### [MATERIAL PROVIDED]
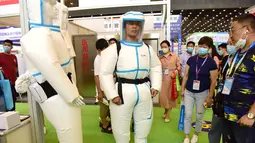 Seorang pengunjung menjajal pakaian pelindung di pameran peralatan medis di Zhengzhou, Provinsi Henan, China tengah (4/8/2020). Pameran yang berlangsung selama tiga hari itu digelar di Zhengzhou pada Selasa (4/8) dan diikuti oleh lebih dari 1.000 peserta dari seantero China. (Xinhua/Zhu Xiang)
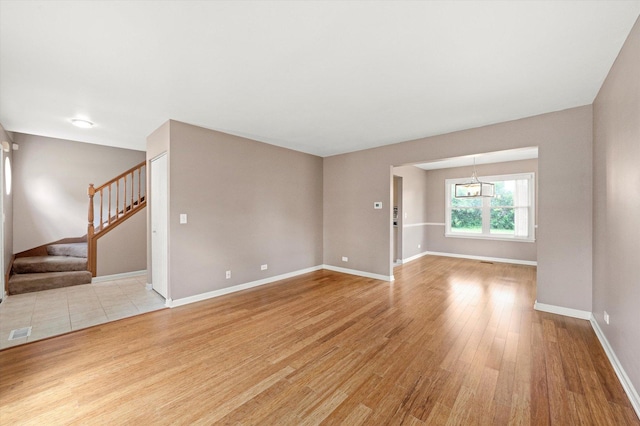1097 Dovercliff Way, Crystal Lake, IL 60014 - unfurnished living room with light wood-style floors, stairs, and a chandelier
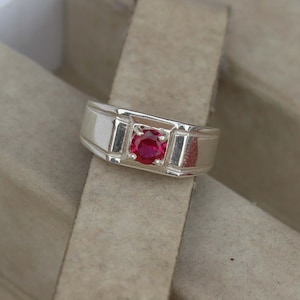 Può includere: Un anello d'argento con una vivace gemma rossa rotonda incastonata in un design rettangolare. L'anello ha una finitura lucida e uno stile classico e sobrio. La gemma è il punto focale, aggiungendo un tocco di colore.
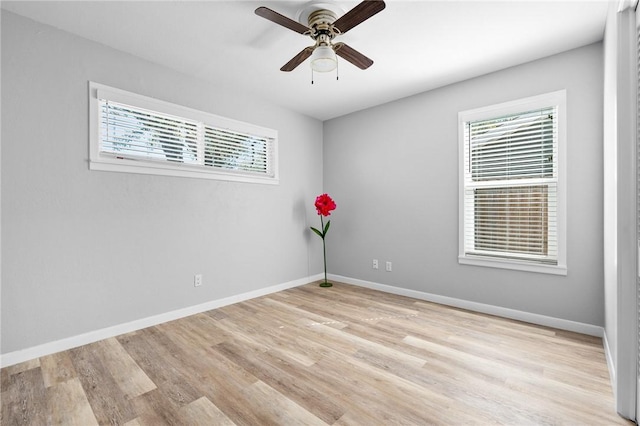 spare room featuring a ceiling fan, light wood-type flooring, and baseboards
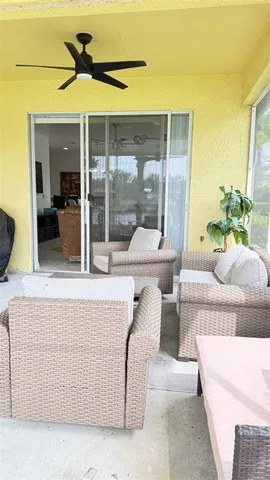 a view of a white house next to a yard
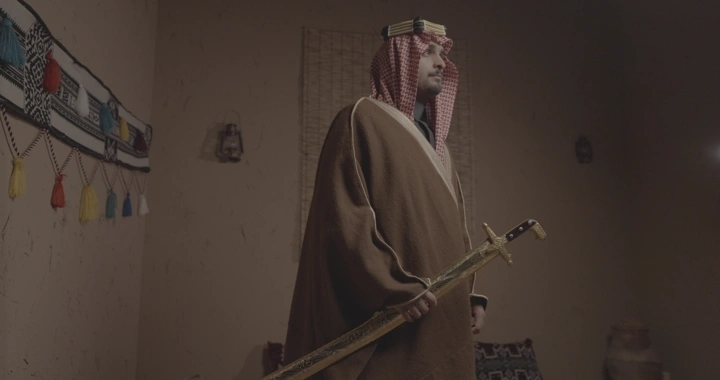 رجل سعودي يحمل سيفًا في غرفة تقليدية، لقطة داخلية.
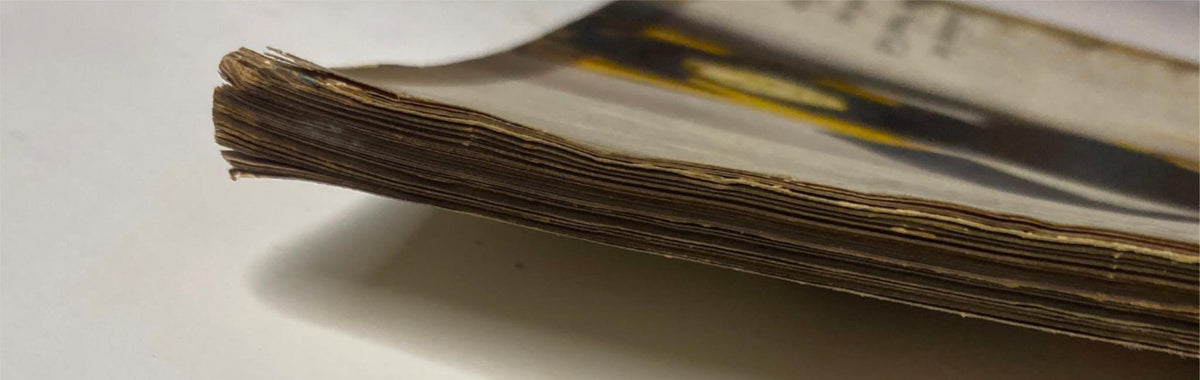 Side view of the spine from Vogue Magazine August 15, 1945, illustrating wear and toning on the pages, reflective of the magazine's vintage status.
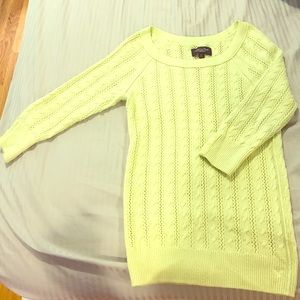 American Eagle green sweater.
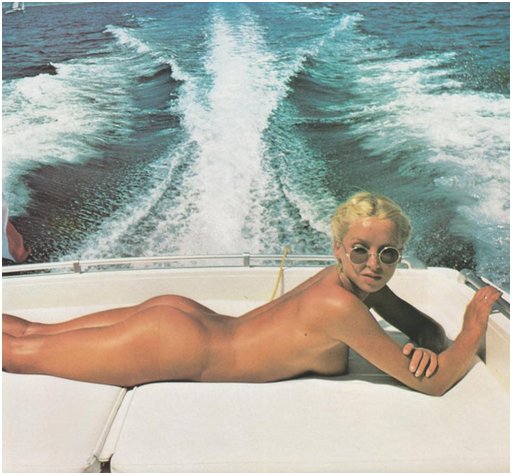 blonde model sunbathing naked on the rear deck of a power yacht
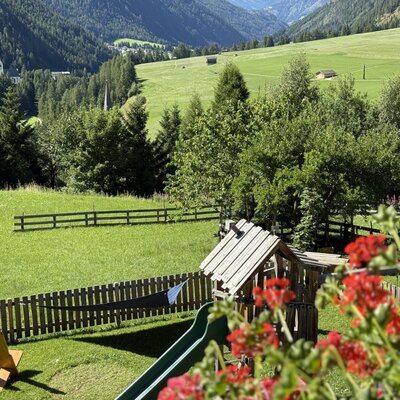 Parco giochi per bambini con scivolo e sedie a sdraio sul prato del maso, con vista sui campi verdi circostanti e sulle montagne.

### [WHAT IS BEING ASKED]
Give the listing above again in its entirety and exactly; do not include the pictures.

### [RESULT BELOW]
 Seorang pengunjung menjajal pakaian pelindung di pameran peralatan medis di Zhengzhou, Provinsi Henan, China tengah (4/8/2020). Pameran yang berlangsung selama tiga hari itu digelar di Zhengzhou pada Selasa (4/8) dan diikuti oleh lebih dari 1.000 peserta dari seantero China. (Xinhua/Zhu Xiang)
1097 Dovercliff Way, Crystal Lake, IL 60014 - unfurnished living room with light wood-style floors, stairs, and a chandelier
 Può includere: Un anello d'argento con una vivace gemma rossa rotonda incastonata in un design rettangolare. L'anello ha una finitura lucida e uno stile classico e sobrio. La gemma è il punto focale, aggiungendo un tocco di colore.
 spare room featuring a ceiling fan, light wood-type flooring, and baseboards
 a view of a white house next to a yard
 رجل سعودي يحمل سيفًا في غرفة تقليدية، لقطة داخلية.
 Side view of the spine from Vogue Magazine August 15, 1945, illustrating wear and toning on the pages, reflective of the magazine's vintage status.
 American Eagle green sweater.
 blonde model sunbathing naked on the rear deck of a power yacht
 Parco giochi per bambini con scivolo e sedie a sdraio sul prato del maso, con vista sui campi verdi circostanti e sulle montagne.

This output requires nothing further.